Correlation Between Nasdaq and C Mer
Can any of the company-specific risk be diversified away by investing in both Nasdaq and C Mer at the same time? Although using a correlation coefficient on its own may not help to predict future stock returns, this module helps to understand the diversifiable risk of combining Nasdaq and C Mer into the same portfolio, which is an essential part of the fundamental portfolio management process.
By analyzing existing cross correlation between Nasdaq Inc and C Mer Industries, you can compare the effects of market volatilities on Nasdaq and C Mer and check how they will diversify away market risk if combined in the same portfolio for a given time horizon. You can also utilize pair trading strategies of matching a long position in Nasdaq with a short position of C Mer. Check out your portfolio center. Please also check ongoing floating volatility patterns of Nasdaq and C Mer.
Diversification Opportunities for Nasdaq and C Mer
Very poor diversification
The 3 months correlation between Nasdaq and CMER is 0.87. Overlapping area represents the amount of risk that can be diversified away by holding Nasdaq Inc and C Mer Industries in the same portfolio, assuming nothing else is changed. The correlation between historical prices or returns on C Mer Industries and Nasdaq is a relative statistical measure of the degree to which these equity instruments tend to move together. The correlation coefficient measures the extent to which returns on Nasdaq Inc are associated (or correlated) with C Mer. Values of the correlation coefficient range from -1 to +1, where. The correlation of zero (0) is possible when the price movement of C Mer Industries has no effect on the direction of Nasdaq i.e., Nasdaq and C Mer go up and down completely randomly.
Pair Corralation between Nasdaq and C Mer
Given the investment horizon of 90 days Nasdaq is expected to generate 6.98 times less return on investment than C Mer. But when comparing it to its historical volatility, Nasdaq Inc is 4.34 times less risky than C Mer. It trades about 0.15 of its potential returns per unit of risk. C Mer Industries is currently generating about 0.24 of returns per unit of risk over similar time horizon. If you would invest 171,900 in C Mer Industries on September 16, 2024 and sell it today you would earn a total of 94,100 from holding C Mer Industries or generate 54.74% return on investment over 90 days.
Time Period | 3 Months [change] |
Direction | Moves Together |
Strength | Strong |
Accuracy | 72.31% |
Values | Daily Returns |
Nasdaq Inc vs. C Mer Industries
Performance |
Timeline |
Nasdaq Inc |
C Mer Industries |
Nasdaq and C Mer Volatility Contrast
Predicted Return Density |
Returns |
Pair Trading with Nasdaq and C Mer
The main advantage of trading using opposite Nasdaq and C Mer positions is that it hedges away some unsystematic risk.

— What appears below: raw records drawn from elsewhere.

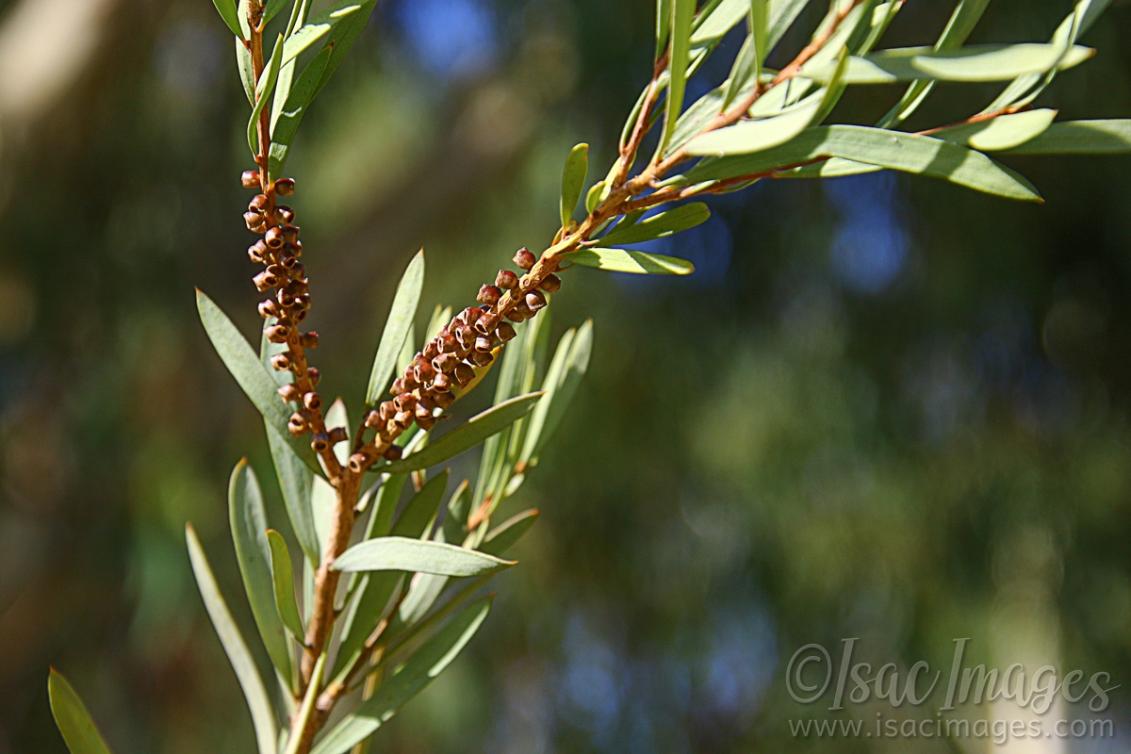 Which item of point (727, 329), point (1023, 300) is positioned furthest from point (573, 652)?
point (1023, 300)

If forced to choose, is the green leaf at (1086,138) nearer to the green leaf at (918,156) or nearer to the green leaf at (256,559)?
the green leaf at (918,156)

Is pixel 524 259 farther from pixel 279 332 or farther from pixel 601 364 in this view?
pixel 601 364

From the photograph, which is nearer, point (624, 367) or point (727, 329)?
point (727, 329)

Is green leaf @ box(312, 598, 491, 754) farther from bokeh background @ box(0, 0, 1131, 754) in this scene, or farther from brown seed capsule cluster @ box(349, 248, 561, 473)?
bokeh background @ box(0, 0, 1131, 754)

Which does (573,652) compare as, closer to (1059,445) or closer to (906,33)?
(1059,445)

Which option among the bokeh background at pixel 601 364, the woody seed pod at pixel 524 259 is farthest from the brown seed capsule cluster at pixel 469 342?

Because of two separate transactions, even if Nasdaq position performs unexpectedly, C Mer can make up some of the losses. Pair trading also minimizes risk from directional movements in the market. For example, if an entire industry or sector drops because of unexpected headlines, the short position in C Mer will offset losses from the drop in C Mer's long position.The idea behind Nasdaq Inc and C Mer Industries pairs trading is to make the combined position market-neutral, meaning the overall market's direction will not affect its win or loss (or potential downside or upside). This can be achieved by designing a pairs trade with two highly correlated stocks or equities that operate in a similar space or sector, making it possible to obtain profits through simple and relatively low-risk investment.C Mer vs. G Willi Food International | C Mer vs. Polyram Plastic Industries | C Mer vs. ICL Israel Chemicals | C Mer vs. Terminal X Online |
Check out your portfolio center.Note that this page's information should be used as a complementary analysis to find the right mix of equity instruments to add to your existing portfolios or create a brand new portfolio. You can also try the Funds Screener module to find actively-traded funds from around the world traded on over 30 global exchanges.